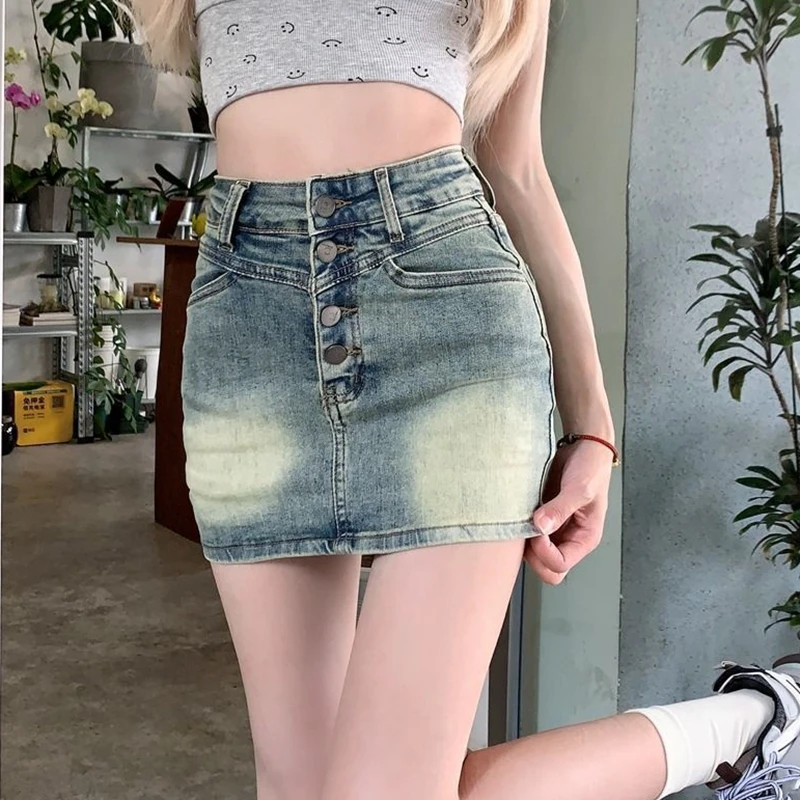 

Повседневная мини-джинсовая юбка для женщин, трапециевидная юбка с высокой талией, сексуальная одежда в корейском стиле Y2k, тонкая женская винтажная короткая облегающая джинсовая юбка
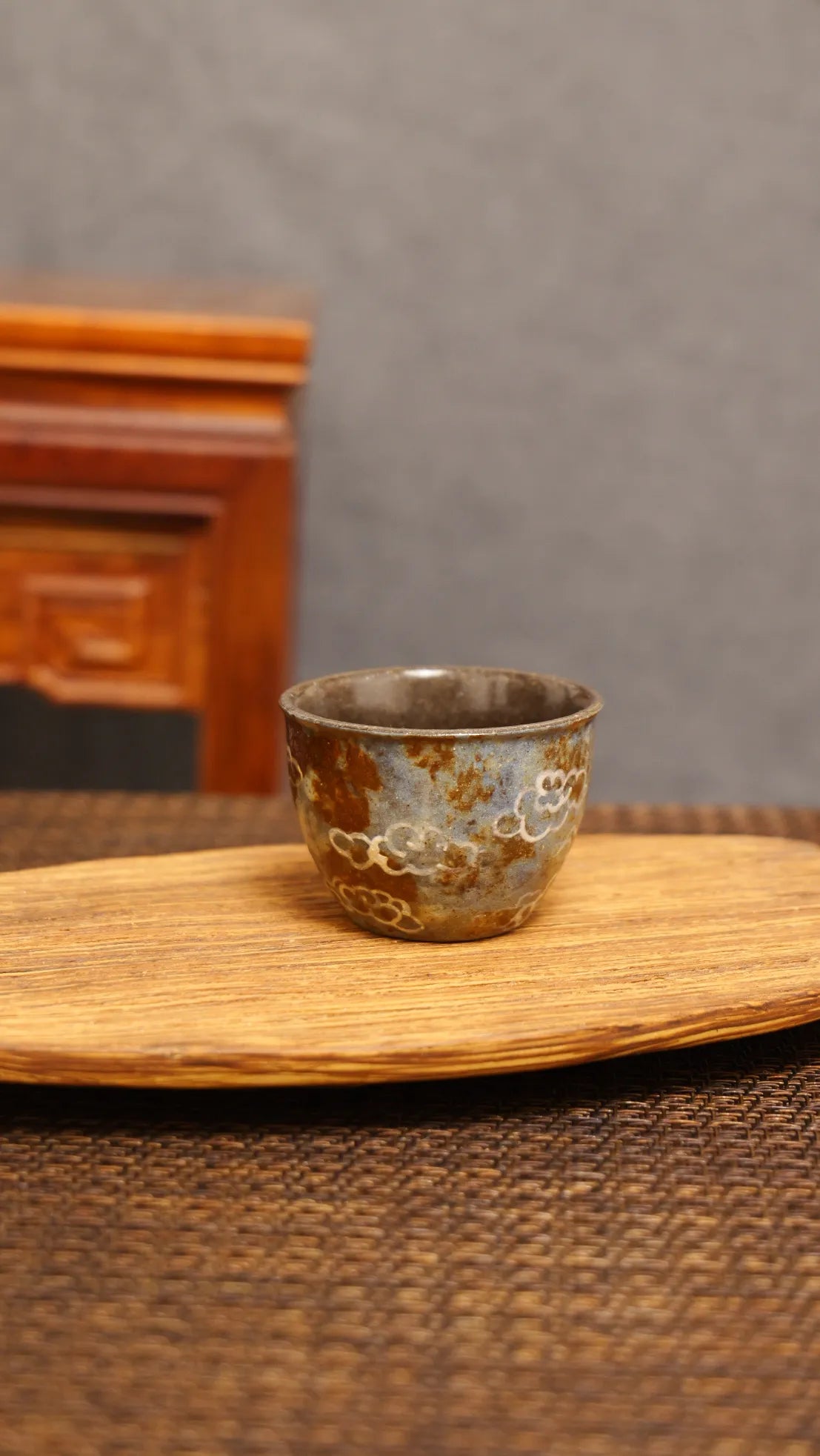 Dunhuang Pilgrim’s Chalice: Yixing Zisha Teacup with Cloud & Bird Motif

——————

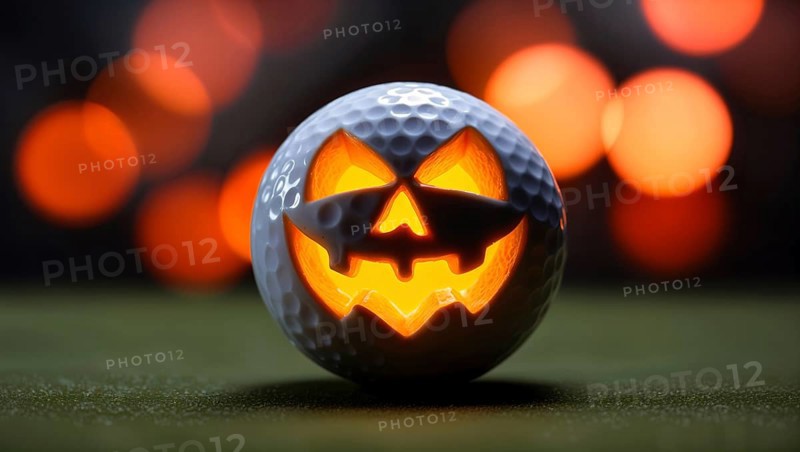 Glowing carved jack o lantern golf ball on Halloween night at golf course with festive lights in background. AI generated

——————

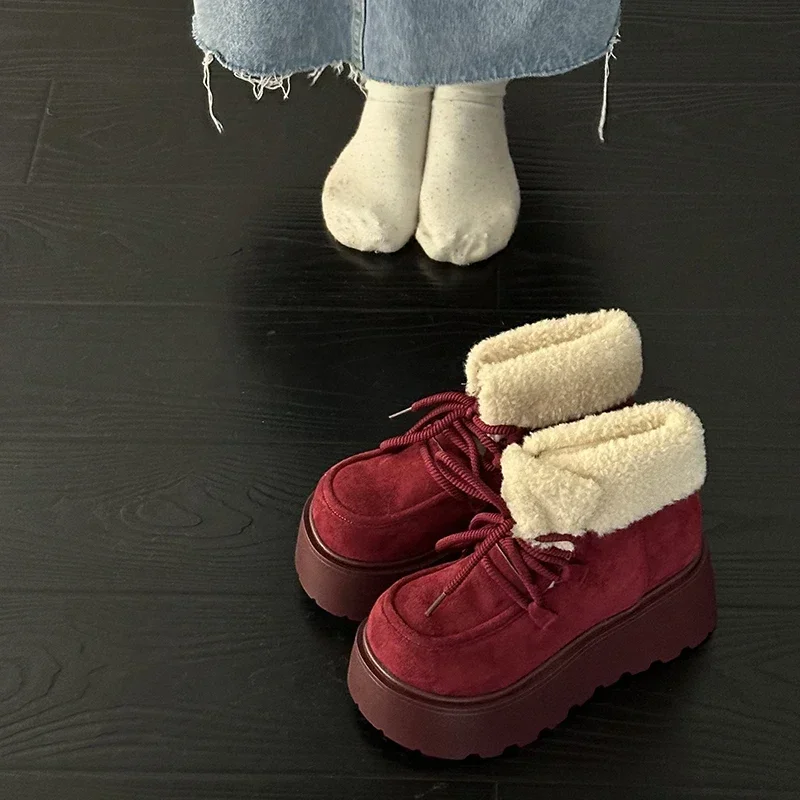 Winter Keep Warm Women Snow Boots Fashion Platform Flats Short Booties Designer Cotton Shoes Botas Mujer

——————

- Aim of the task
Here the job is to copy the listing above word for word, starting at the line with "Повседневная мини-джинсовая юбка" and ending at the line with "Dunhuang Pilgrim’s Chalice: Yixing", and to leave out the pictures.

- Your response
Повседневная мини-джинсовая юбка для женщин, трапециевидная юбка с высокой талией, сексуальная одежда в корейском стиле Y2k, тонкая женская винтажная короткая облегающая джинсовая юбка
 Dunhuang Pilgrim’s Chalice: Yixing Zisha Teacup with Cloud & Bird Motif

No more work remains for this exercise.